Le ministère de l’Égalité des genres a confirmé avoir mis en place un soutien psychologique et juridique pour les victimes identifiées, tout en appelant d’autres potentielles victimes à contacter les services concernés.
C’est quoi le revenge porn ?
Le revenge porn, ou pornographie de vengeance, désigne la diffusion non consentie d’images ou de vidéos à caractère sexuel ou intime, généralement dans le but d’humilier, de se venger ou d’exercer une pression psychologique ou émotionnelle sur la victime.
Ce type de violence est souvent perpétré par un ex-conjoint, un partenaire ou même un inconnu ayant eu accès aux images.
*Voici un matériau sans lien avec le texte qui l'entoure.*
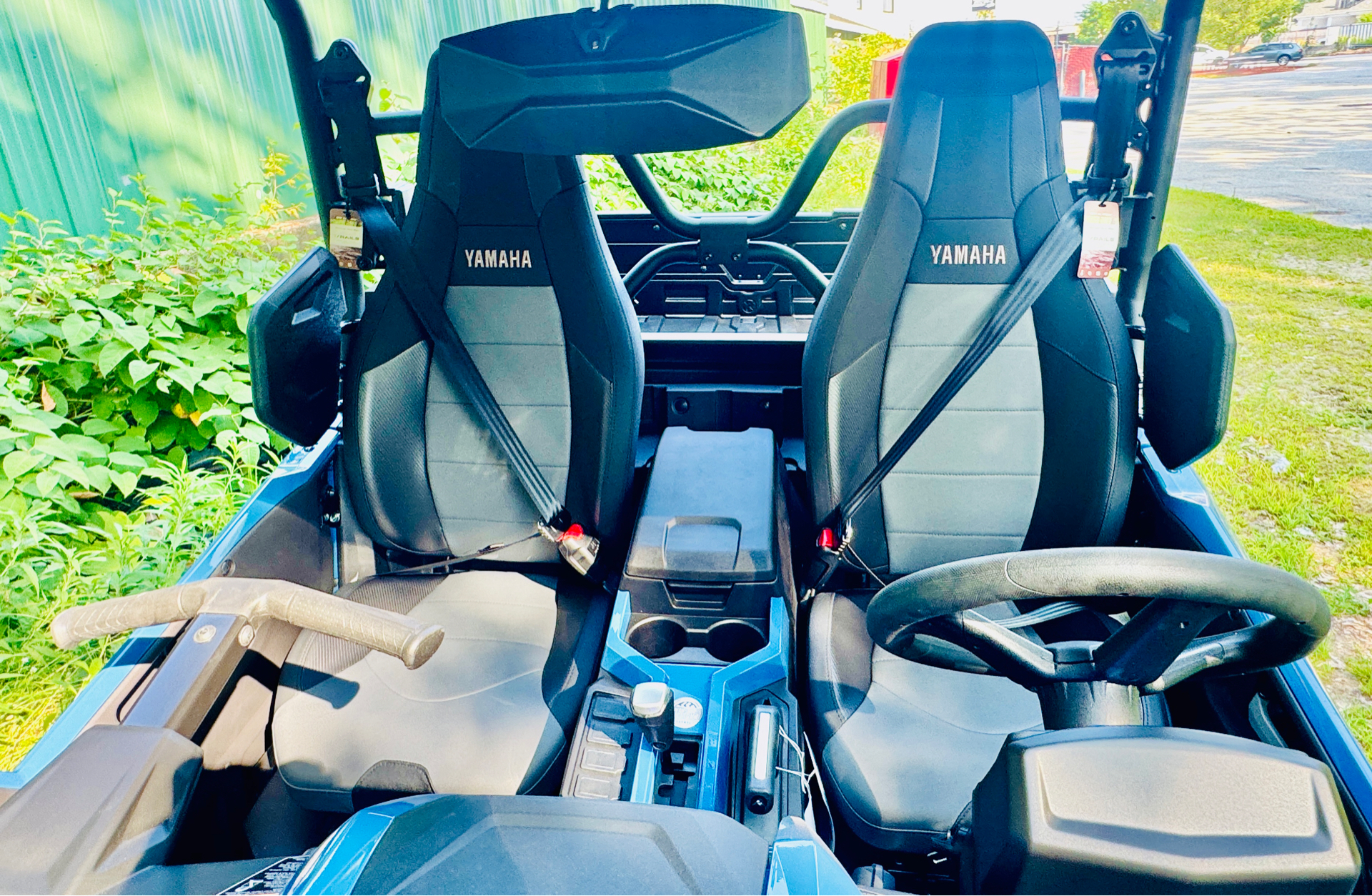 2025 Yamaha Wolverine RMAX2 1000 Limited in Manchester, New Hampshire - Photo 8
Il peut s’agir :
• de photos prises à l’insu de la victime,
• de contenus partagés dans un cadre privé (relation amoureuse ou de confiance),
• ou encore de montages truqués à visée diffamatoire.
Le revenge porn est une forme de violence basée sur le genre, car dans la grande majorité des cas, les victimes sont des femmes, ciblées pour les contrôler, les punir ou les discréditer.
Conséquences :
• Humiliation publique,
• Perte d’emploi ou d’opportunités,
• Troubles psychologiques (anxiété, dépression, isolement),
• Dans certains cas extrêmes, cela peut conduire à des idées suicidaires.
Dans de nombreux pays, y compris à Maurice, sous certaines dispositions de l’ICT Act et de la Cybersecurity and Cybercrime Act, cette pratique est punie par la loi, et les victimes peuvent porter plainte. Toute personne qui publie des photos ou vidéos à caractère sexuel sans le consentement de la personne concernée s’expose à une amende pouvant aller jusqu’à Rs 1 million et à une peine d’emprisonnement maximale de 20 ans.